In the world of truth and justification, there are... actually, I don't know why we combine truth and justification. While, yes, it's true that if we could ascertain what is true we would be perfectly justified. So, in that sense, a quest for truth coincidentally ends with the attainment of justification.

But even if you disagree on all other points, you have to admit that absolute truth has yet to be attained as we speak, and as such it seems reasonable to separate truth and justification.

But regardless, in truth and justification, there are two opposing views: coherentism and foundationalism. In coherentism, a person is justified in a belief if that belief is coherent with their current set of beliefs. This leads to some interesting problems, such as if I live in a bubble and have never seen grass, I can say that grass is purple and be justified in the coherentist view. I actually don't see any reason to say this is even a problem. I think it's perfectly acceptable to say that anyone is justified in a belief if they have no beliefs in contradiction with that.

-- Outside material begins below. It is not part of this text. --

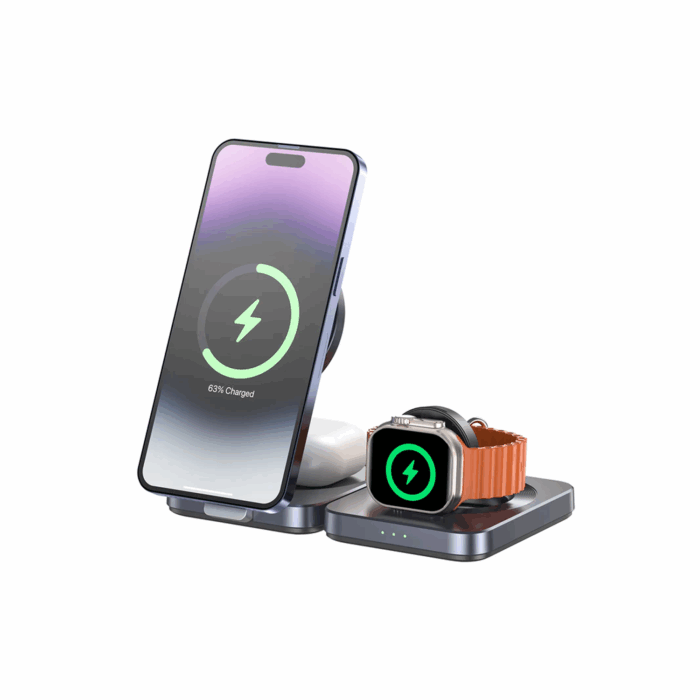 Unitek Foldable 3-in-1 Wireless Charger with Qi2, 15W, Grey - Image 4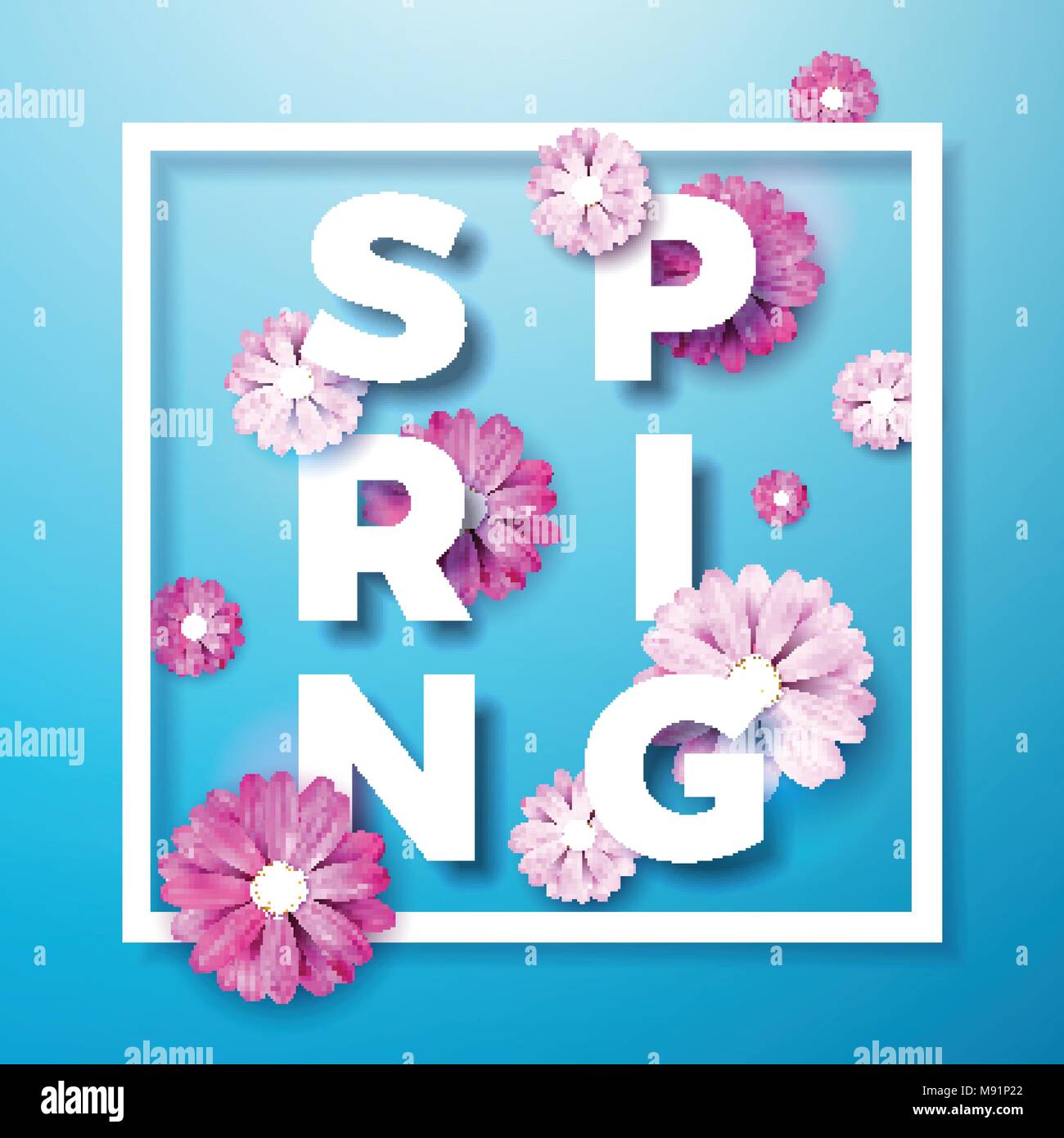 Vector Illustration on a spring nature theme with beautiful colorful flower on blue background. Floral design template with typography letter. Stock Vector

As an outside observer, we can say a belief in purple grass is wrong, but we know that because of other beliefs. And remember, saying it's unreasonable to believe anything without evidence, such as of purple grass in the yard, is a belief itself that affects our entire system of beliefs. In the bubble example, you must also eliminate beliefs like skepticism and empiricism. If I only have two beliefs, hypothetically, of purple grass and cows that bark, both beliefs are justified. They aren't neccessarily true, but there's some major problems with that.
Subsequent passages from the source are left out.